Dataset records
┌──
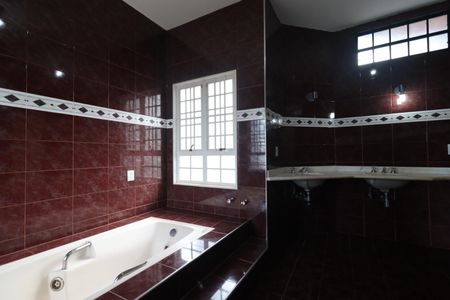 Casa para alugar com 442m², 5 quartos e 4 vagasBanheiro da Suíte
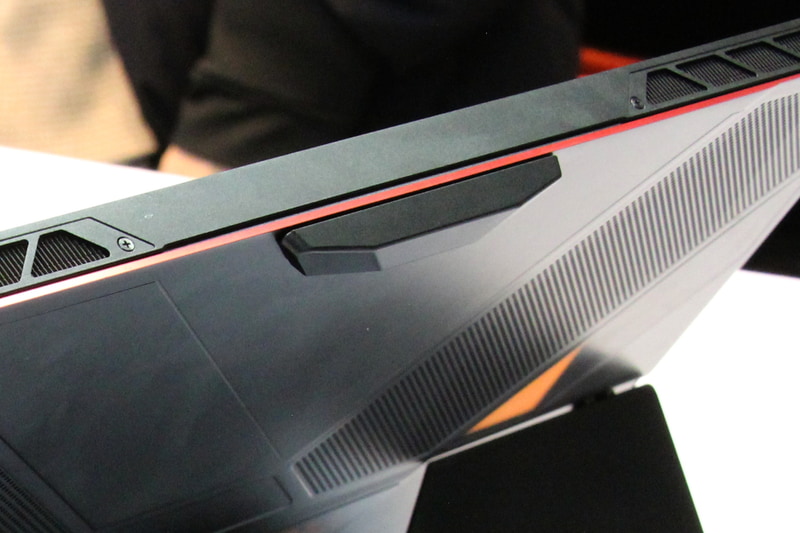 使用時以外は本体コネクタを専用カバーで保護する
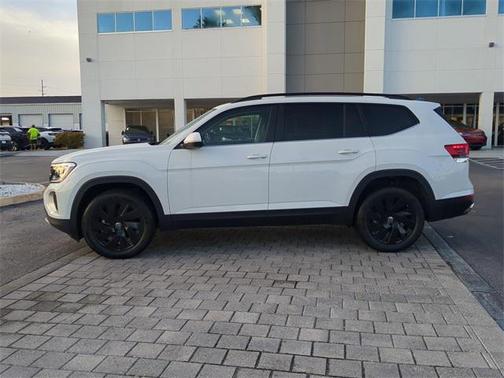 2025 Volkswagen Atlas 2.0T SE w/Technology
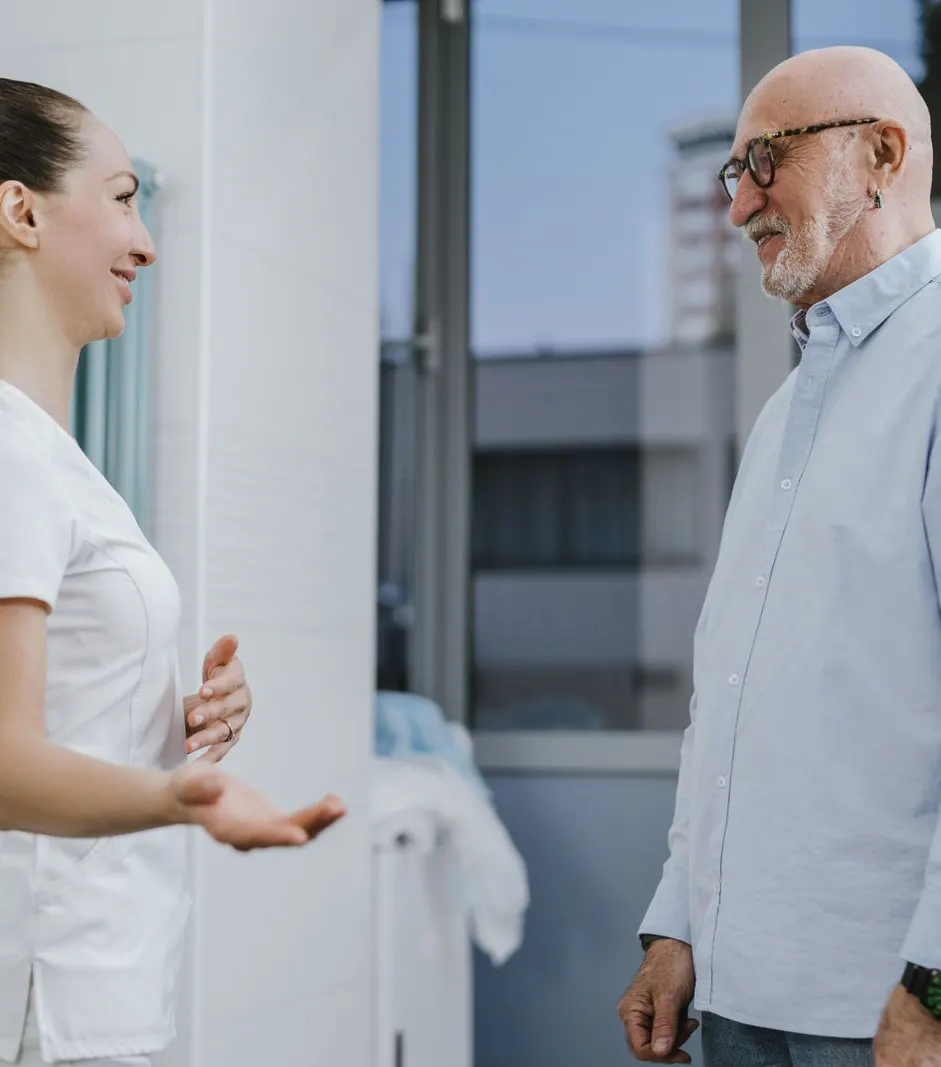 Wundexpertin im Gespräch mit einem älteren Patienten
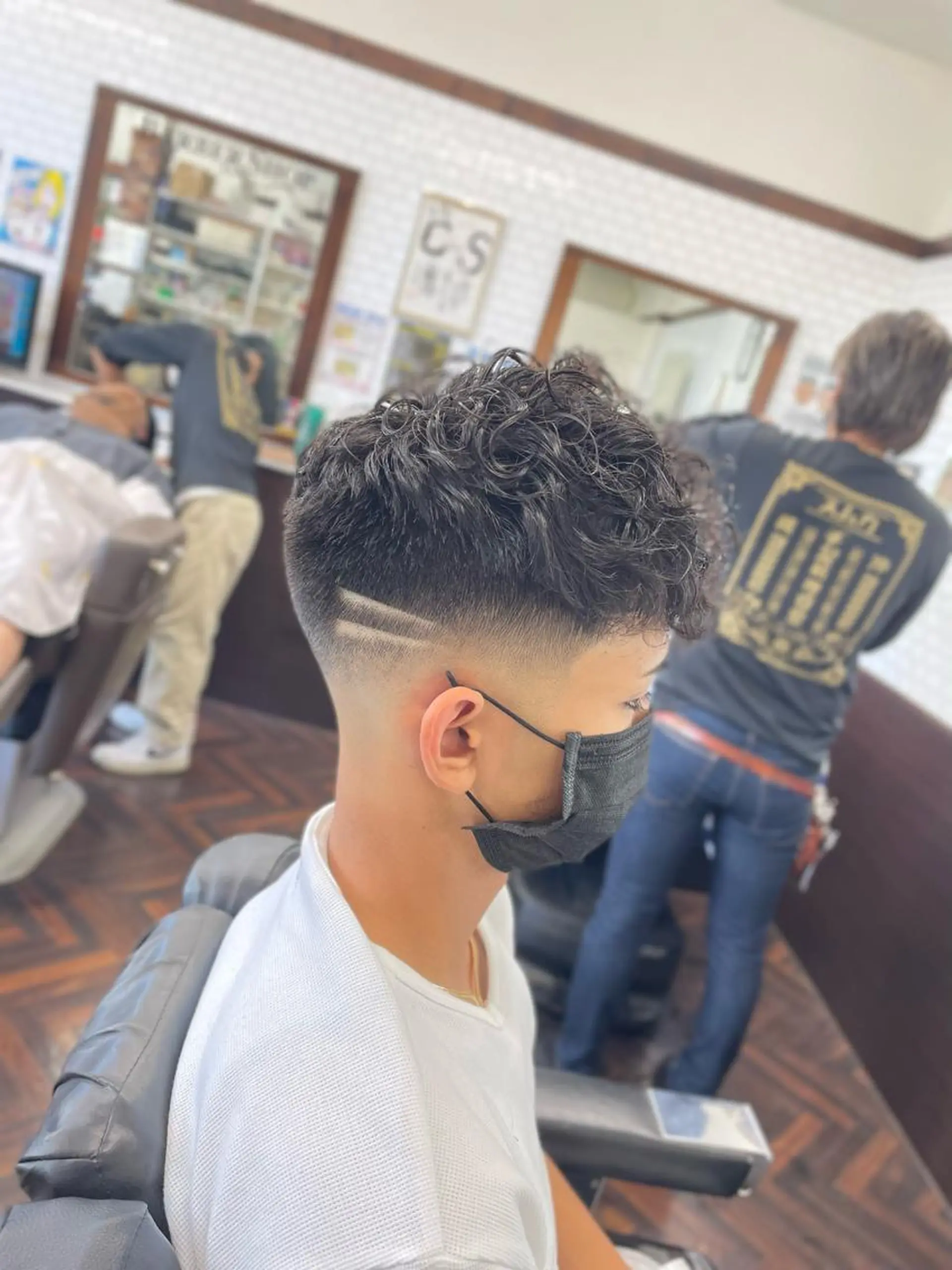 ショート パーマ メンズ スペインカール Cam's豊見城店所属・無料‼︎メンズ限定 URASAKIのヘアスタイル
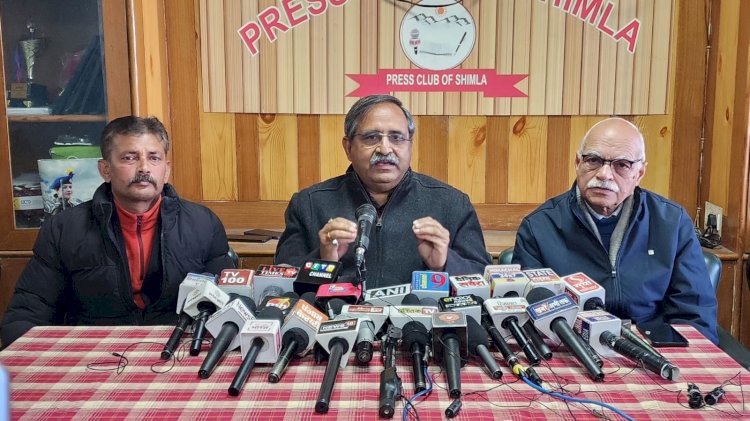 नाबार्ड से आए फंड को लेकर मुख्यमंत्री झूठ बोल रहे हैं : रणधीर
└──
| WHAT IS BEING ASKED |
Excluding the images, return each record above precisely as written.

| SOLVED PROBLEM |
 Casa para alugar com 442m², 5 quartos e 4 vagasBanheiro da Suíte
 使用時以外は本体コネクタを専用カバーで保護する
 2025 Volkswagen Atlas 2.0T SE w/Technology
 Wundexpertin im Gespräch mit einem älteren Patienten
 ショート パーマ メンズ スペインカール Cam's豊見城店所属・無料‼︎メンズ限定 URASAKIのヘアスタイル
 नाबार्ड से आए फंड को लेकर मुख्यमंत्री झूठ बोल रहे हैं : रणधीर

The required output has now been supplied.